* **WORK INSTRUCTION**:
From the line that holds "Monogram Ligna Shirt - Sage" down to the last line of the listing below, reproduce each line exactly and nothing more, omitting pictures.

#####

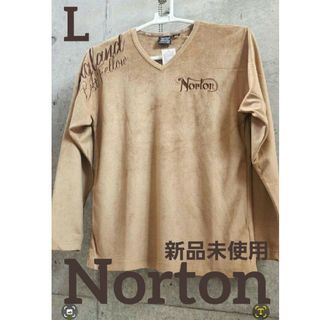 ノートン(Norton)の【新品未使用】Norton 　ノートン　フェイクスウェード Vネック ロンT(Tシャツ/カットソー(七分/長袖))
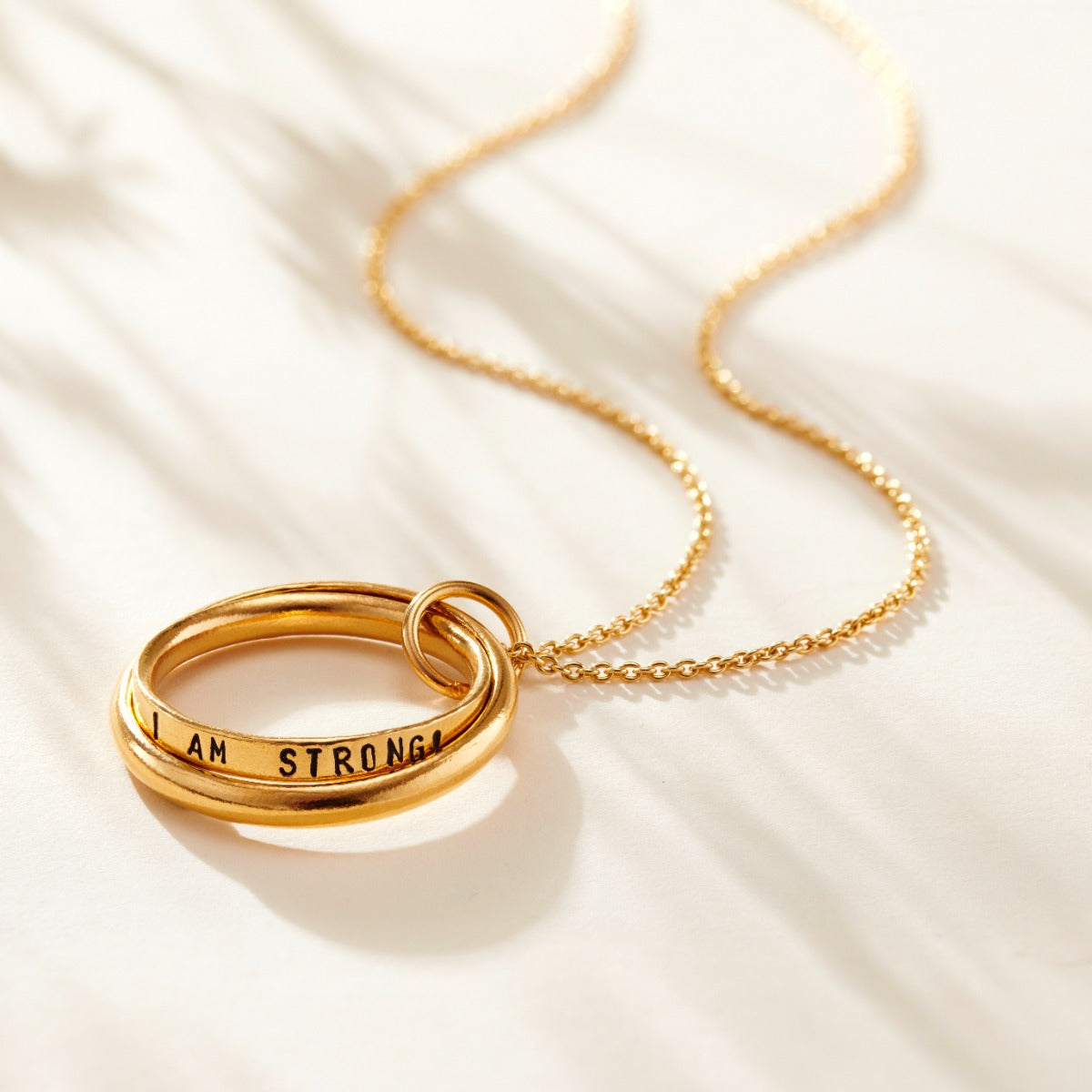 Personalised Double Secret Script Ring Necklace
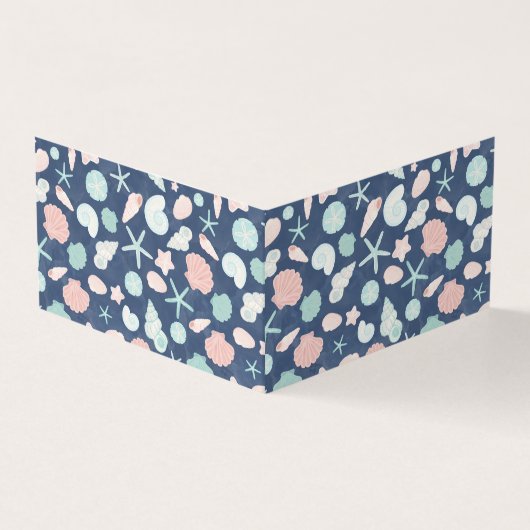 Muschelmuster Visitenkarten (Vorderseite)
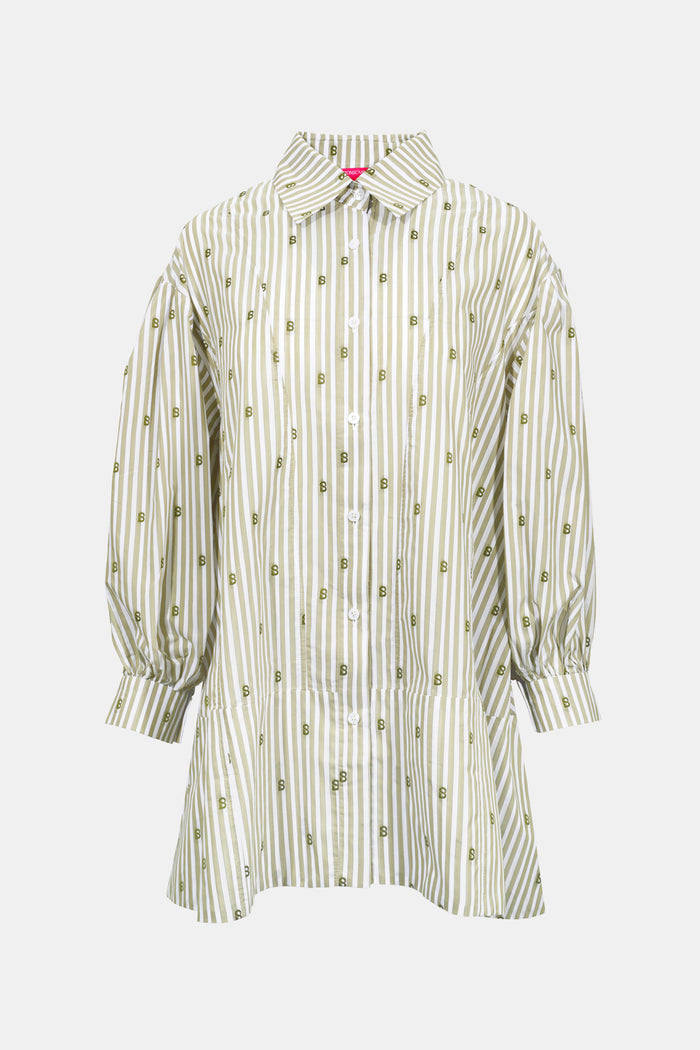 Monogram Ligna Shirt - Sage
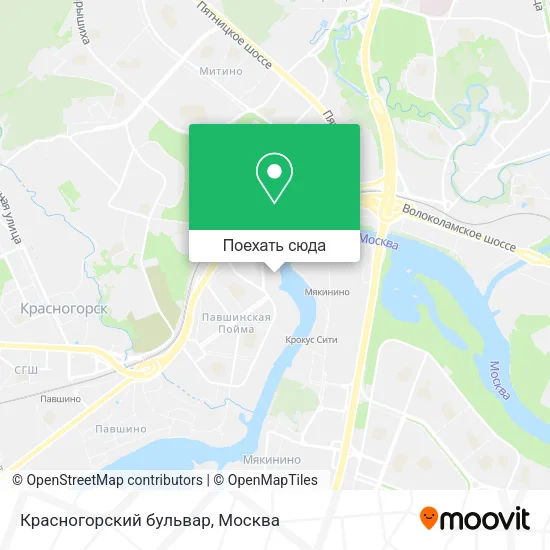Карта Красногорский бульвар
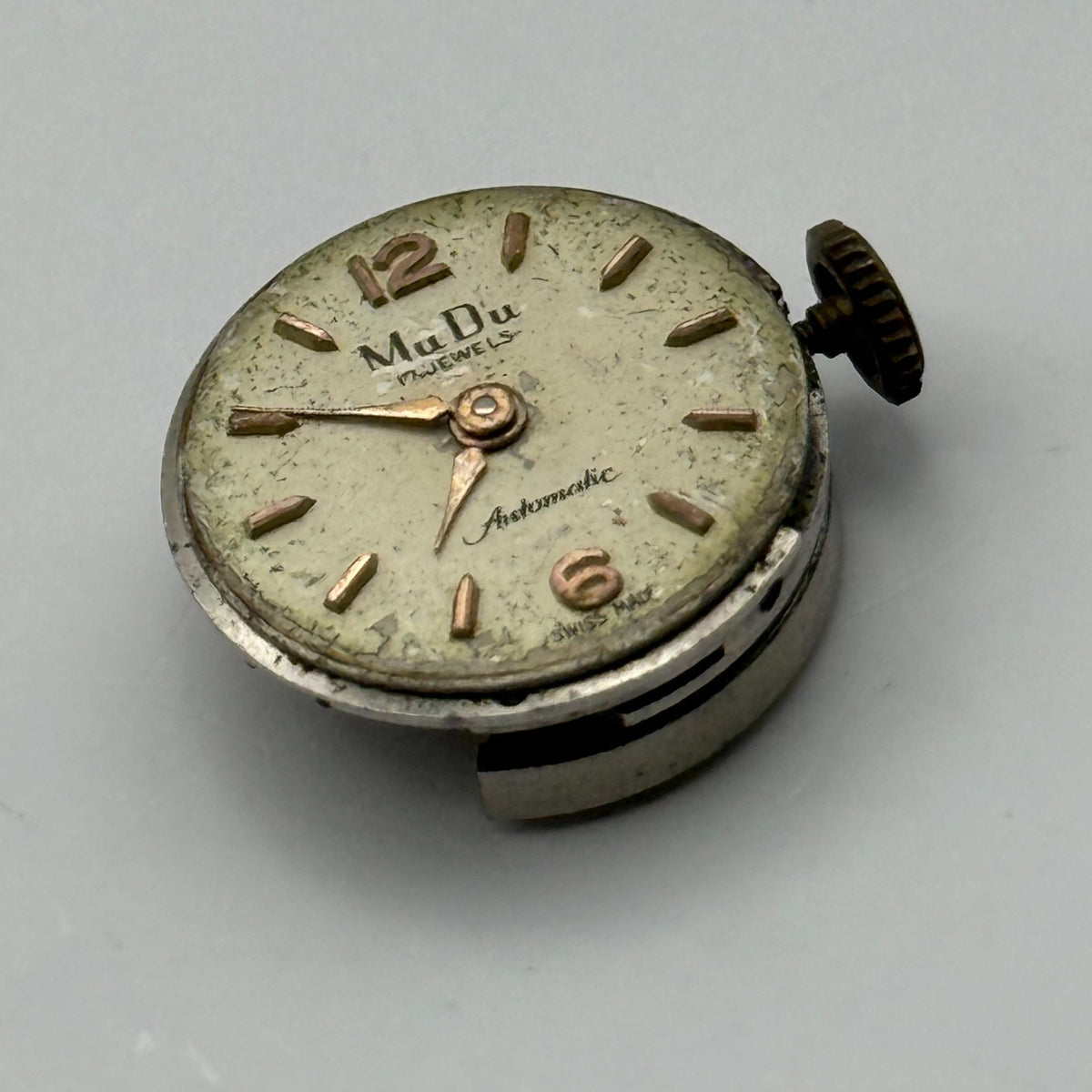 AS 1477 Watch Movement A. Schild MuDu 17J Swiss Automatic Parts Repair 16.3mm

#####

* **RESULT BELOW**:
 Monogram Ligna Shirt - Sage
Карта Красногорский бульвар
 AS 1477 Watch Movement A. Schild MuDu 17J Swiss Automatic Parts Repair 16.3mm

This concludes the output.